◆ WHAT TO PRODUCE
No pictures go in the copy. Restate, word for word, each line from the one containing "Протест подршке активисти Огњену Марковићу" through the last line below.
..........
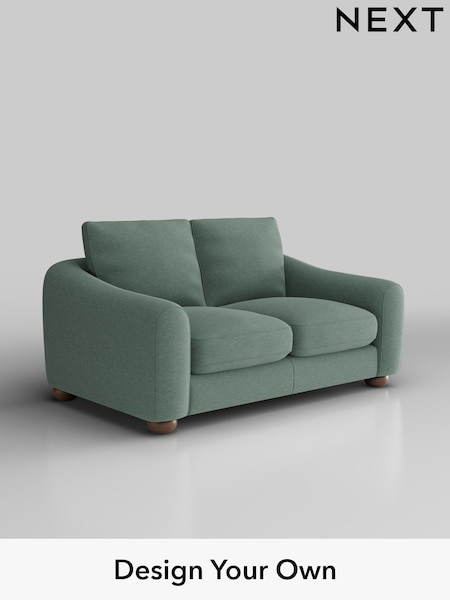Fine Chenille Easy Clean/Light Forest Green Arches (F49459) | £1,125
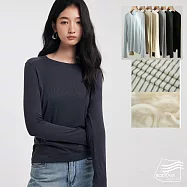【BODYAIR嚴選】輕暖羊毛天絲修身版上衣(蓄熱.長袖.內搭.T恤.保暖.CASUAL) M 黑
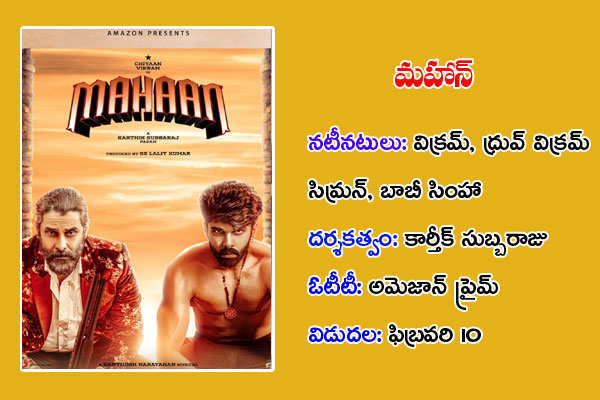 mahaan release date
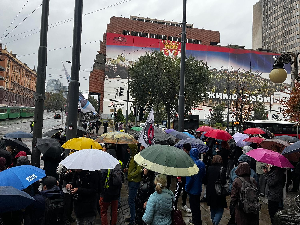 Протест подршке активисти Огњену Марковићу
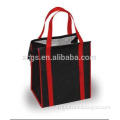 Very portable different colors with printing insulated non woven bag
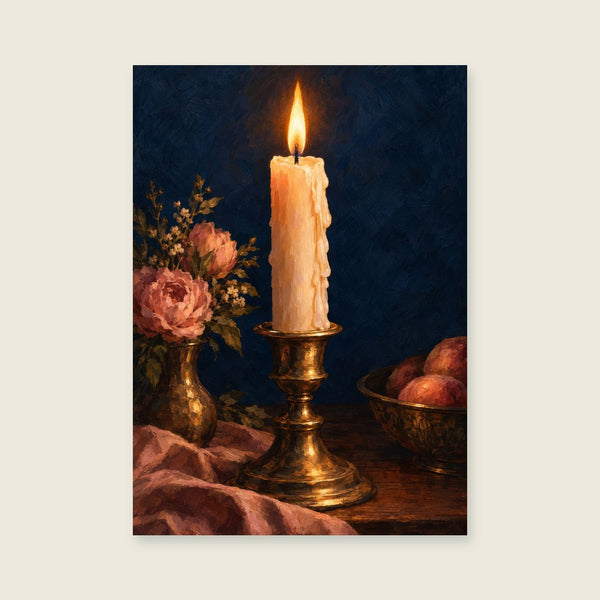 The Twisted Candle Art Print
..........
◆ RESULT OF THIS EXERCISE
 Протест подршке активисти Огњену Марковићу
 Very portable different colors with printing insulated non woven bag
 The Twisted Candle Art Print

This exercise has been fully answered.